The poll asked self-identified Black and African American respondents just one question: “How are you represented in advertising (if at all)?” Five hundred people ages 13-73 responded from 40 states, and a majority of those anonymous comments were placed on a stark webpage with the intent of quickly reaching as much of the advertising industry as possible. Spoiler alert: Black Americans are largely unhappy with the way they are represented in advertising.
“In advertising we are depicted as people that play sports or are helping in a way one may see as subservient,” said a 33-year-old man in South Carolina.
“I usually don’t see dark skin Black women shown in much advertising,” said a 34-year-old woman in Missouri, “so I don’t think people that look like me are really seen.”
Some of the comments celebrated recent efforts to show more racial diversity in advertising.

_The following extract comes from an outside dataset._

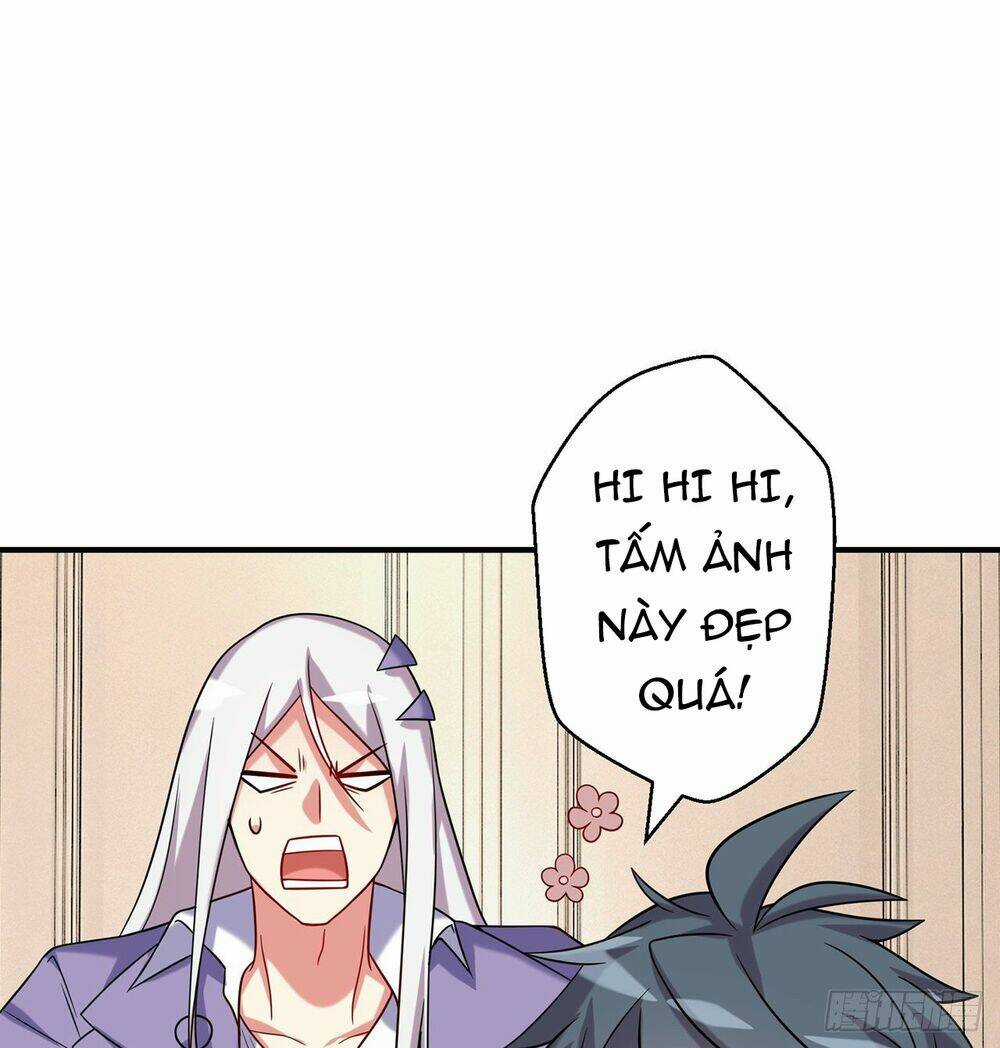 Nhặt Thuộc Tính Tại Trái Đất Chapter 22 trang 6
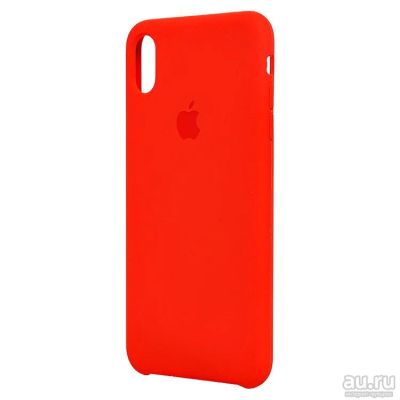 Лот: 15885440. Фото: 1. Чехол Soft Touch для"Apple iPhone... Чехлы, бамперы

One respondent applauded the Black actor cast as the new “Jake from State Farm” and another praised Calvin Klein’s casting of Black transgender model Jari Jones. But other comments are heartbreaking—especially one from the youngest person surveyed.
“We are portrayed to be dirty, animals and heartless when we are nothing of the such,” said a 13-year-old girl in New Jersey. “Yes, there are people like that, but that is not unique to the USA. Other races have people who have said qualities.”
Adweek shared the results of the survey with Bennett D. Bennett, co-founder of the group 600 & Rising. He said the sentiments show that the industry itself needs to change to better meet the needs of consumers.
“All the issues we’re trying to solve for at 600 & Rising culminate in this end result: a world where Black people are portrayed through a limited lens,” said Bennett. “We share in the frustration of the Black community; we’re more than athletes and entertainers, and we deserve that dignity from brands and agencies who target us.”
While the survey is presented in the form of raw quotes, there are some trends immediately apparent. Many respondents said they feel Black people in advertising appear mostly as athletes, in hair care ads, or in the form of interracial couples rather than in relationships with Black partners. Some said they felt Black actors were being cast in ways that didn’t ring as authentic, being slapped into “white-washing” situations and roles as tokens. An overwhelming number of responses said that most Black people seen in advertising have light skin tones, and that seeing dark skin is rare.
“These aren’t just opinions of the moment, they’ve been said for years and a lot of us are just listening right now,” said Jo McKinney, CEO at Burns Group, which also worked on this spring’s #BiasCorrect campaign. “They’re very raw and very honest.”
McKinney said that while her agency, along with others in the industry, is undergoing its own racial justice transformation of sorts, “we have a lot to do ourselves to be more anti-racist.” And so does the industry at large.